The same expressions for differentiation occurs in time scale calculus with a scale parameter. I wonder whether anybody ever considered such operation of "full differentiation" either in the framework of non-standard analysis or time scales or otherwise and whether it has any established name?

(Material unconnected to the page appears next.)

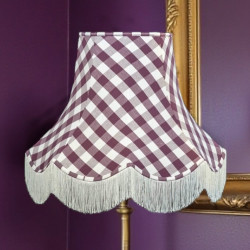 Purple Gingham Check Fabric Lampshades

Note that we can also in a similar way define its inverse operator, "full integral" that would be
$$\int_{full} f(x)dx=\varepsilon \lim_{t\to x/\varepsilon} \sum_t f(\varepsilon t)$$
where $\sum_t$ is indefinite sum.
Thus we get
$$\int_{full} a \,dx=ax$$
$$\int_{full} x \,dx=\frac{x^2}{2}-\frac{\varepsilon x}{2}$$
$$\int_{full} x^2 \,dx=\frac{x^3}{3}-\frac{\varepsilon x^2}{2}+\frac{\varepsilon ^2 x}{6}$$
$$\int_{full} a^x \,dx=\frac{\varepsilon a^x}{a^{\varepsilon }-1}$$
$$\int_{full} \sin x \,dx=-\frac{1}{2} \varepsilon \sin (x)-\frac{1}{2} \varepsilon \cot \left(\frac{\varepsilon }{2}\right) \cos (x)$$
etc.
Note also that we can define full derivative in a more symmetric way:
$$D_{sym}[f(x)]=\frac{f(x+\varepsilon)-f(x-\varepsilon)}{2\varepsilon}$$
With this definition some formulas become simplier:
$$D_{sym}[e^x]=\frac{e^x \sinh (\varepsilon )}{\varepsilon }$$
$$D_{sym}[\sin x]=\frac{\sin (\varepsilon ) \cos (x)}{\varepsilon }$$
$$D_{sym}[1/x]=\frac{1}{\varepsilon ^2-x^2}$$
The invariant function for this operation, playing the role of exponent will be
$$f(x)=\left(\sqrt{\varepsilon ^2+1}+\varepsilon \right)^{x/\varepsilon }$$
Solution 1:
As I understand it, this is just the same as h-calculus. The h-derivative is defined as,
$$ D_{h} = \dfrac{f(x+h) - f(x)}{h} $$
, where $h\ne 0$. [1] has a small chapter on it.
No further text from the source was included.